Western blot analysis and negative-stain electron microscopy of purified TRPC3. TRPC3 was purified from adherent HEK293 cell membranes using DIBMA (A), K. phaffi cell membranes using DDM (n = 3, B), and Expi293F cell membranes using DDDG (n = 6, C) or DDM (n = 6, D). The resulting concentrations of purified TRPC3 are shown in (E). TRPC3 protein concentration (V_total = 150 µL) was lower from K. phaffi cell membranes compared to adherent HEK293 or Expi293F cells. Specifically, TRPC3 concentration was 0.05 mg/mL from K. phaffii cell membranes using DDM, 0.2 mg/mL from HEK293 cell membranes using DIBMA, and 0.15 mg/mL from Expi293F cells using either DDM or DDDG. Negative-stain electron microscopy images of TRPC3 extracted with DDM (F) or DDDG (G) from Expi293F cells reveal the tetrameric structure of TRPC3 channels (blue arrows).
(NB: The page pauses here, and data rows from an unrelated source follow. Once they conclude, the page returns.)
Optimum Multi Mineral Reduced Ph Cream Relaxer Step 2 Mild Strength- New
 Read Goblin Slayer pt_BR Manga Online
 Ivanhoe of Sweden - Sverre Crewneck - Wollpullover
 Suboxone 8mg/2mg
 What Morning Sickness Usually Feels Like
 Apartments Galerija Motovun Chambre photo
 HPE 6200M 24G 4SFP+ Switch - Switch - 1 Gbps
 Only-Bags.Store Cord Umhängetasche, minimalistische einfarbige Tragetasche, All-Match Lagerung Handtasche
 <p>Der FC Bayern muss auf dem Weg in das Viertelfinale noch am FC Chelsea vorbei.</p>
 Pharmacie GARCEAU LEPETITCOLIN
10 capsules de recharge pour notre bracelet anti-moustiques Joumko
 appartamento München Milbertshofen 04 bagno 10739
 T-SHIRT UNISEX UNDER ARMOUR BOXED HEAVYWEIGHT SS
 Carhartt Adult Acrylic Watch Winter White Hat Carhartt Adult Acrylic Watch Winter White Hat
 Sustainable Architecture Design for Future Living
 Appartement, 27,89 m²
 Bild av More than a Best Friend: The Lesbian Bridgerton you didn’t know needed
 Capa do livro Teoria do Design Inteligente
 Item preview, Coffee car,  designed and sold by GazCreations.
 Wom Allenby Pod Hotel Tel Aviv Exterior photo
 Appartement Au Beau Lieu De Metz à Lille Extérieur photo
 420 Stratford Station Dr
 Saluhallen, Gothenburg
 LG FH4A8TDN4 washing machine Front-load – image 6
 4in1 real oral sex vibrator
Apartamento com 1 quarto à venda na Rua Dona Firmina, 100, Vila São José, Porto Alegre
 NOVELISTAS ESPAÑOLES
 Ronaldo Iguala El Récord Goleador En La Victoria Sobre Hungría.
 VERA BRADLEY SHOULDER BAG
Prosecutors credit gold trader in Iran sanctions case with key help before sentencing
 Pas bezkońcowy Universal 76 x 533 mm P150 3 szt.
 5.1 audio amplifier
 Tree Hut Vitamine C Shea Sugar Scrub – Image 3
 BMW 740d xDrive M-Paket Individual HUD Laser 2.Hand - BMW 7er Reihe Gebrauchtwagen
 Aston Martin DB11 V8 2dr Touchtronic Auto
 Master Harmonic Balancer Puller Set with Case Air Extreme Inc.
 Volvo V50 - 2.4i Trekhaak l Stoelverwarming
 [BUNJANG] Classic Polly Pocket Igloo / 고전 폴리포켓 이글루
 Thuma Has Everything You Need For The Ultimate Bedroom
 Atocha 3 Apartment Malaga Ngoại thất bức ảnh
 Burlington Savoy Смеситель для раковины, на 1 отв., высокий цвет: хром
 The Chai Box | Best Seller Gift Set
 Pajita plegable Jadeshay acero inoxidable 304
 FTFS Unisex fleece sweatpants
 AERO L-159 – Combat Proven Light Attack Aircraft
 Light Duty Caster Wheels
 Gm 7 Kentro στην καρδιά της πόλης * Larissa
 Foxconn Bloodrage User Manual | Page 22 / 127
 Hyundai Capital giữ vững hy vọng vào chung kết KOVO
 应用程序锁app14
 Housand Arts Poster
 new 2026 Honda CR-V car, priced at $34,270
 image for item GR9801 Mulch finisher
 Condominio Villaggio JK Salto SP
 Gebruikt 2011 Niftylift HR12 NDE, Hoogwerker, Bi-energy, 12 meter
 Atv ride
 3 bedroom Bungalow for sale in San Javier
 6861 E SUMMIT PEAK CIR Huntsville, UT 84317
The blue box highlights the magnification of a single TRPC3 tetramer as observed in the electron microscopy images. H) General cryo-EM structure of the closed homomeric TRPC3 channel from the side (left) and top (right) view (PDB: 7DXB). Note: Please note that the Western blots in Panel A-D were cropped. For the full, uncropped Western blot, refer to Supplementary Information, Figure S7.

Fig. 4

Single-channel patch-clamp experiments were conducted on TRPC3 in HEK293 cells (purple) and on reconstituted TRPC3 extracted from Expi293F cells using DDDG (blue) or DDM (orange). (A) Representative single-channel currents showing 200 ms of GSK-induced TRPC3 activity. TRPC3 was either expressed in HEK293 cells (purple) or purified from Exppi293F cells using DDDG (blue) or DDM (orange) and reconstituted into DPhPC bilayers. GSK was applied at 10 µM for adherent HEK293 cells and 20 µM for reconstituted TRPC3. Currents were recorded at + 80 mV. Channel states are indicated as closed (c), sublevels (s), or open (o). (B) Unitary currents at the open (o) level in response to repeated GSK applications of (10 µM for adherent HEK293 cells and 20 µM for reconstituted TRPC3) at a membrane potential of + 80 mV. Data are presented as means ± SEM. Statistical significance was determined using a two-tailed multiple t-test for normally distributed data and the Wilcoxon test for non-normally distributed data. Non-significant differences are denoted as “ns.” C–E) Fraction of events corresponding to the closed (panel C), sublevel (panel D), and open (Panel E) states, derived from Gaussian fitting of single-channel recordings from HEK293 cells expressing TRPC3 (purple), reconstituted TRPC3 purified with DDDG (blue) or with DDM (orange). GSK was applied at 10 µM for HEK293 cells and 20 µM for reconstituted TRPC3 at a membrane potential of + 80 mV. Data are presented as means ± SEM. Statistical significance was assessed using a two-tailed multiple t-test or the Wilcoxon test, with differences considered significant at * p < 0.05, ** p < 0.01, and *** p < 0.001. Non-significant differences are indicated as “ns”. We demonstrated that purified TRPC3 remains functional and its activity is comparable to TRPC3 overexpressed in HEK293 cells. Please note: Uncropped representative traces from Fig. 4A are shown in the Supplementary Information including the statistical analysis of the fraction of events at multiple levels (SI Figure S12).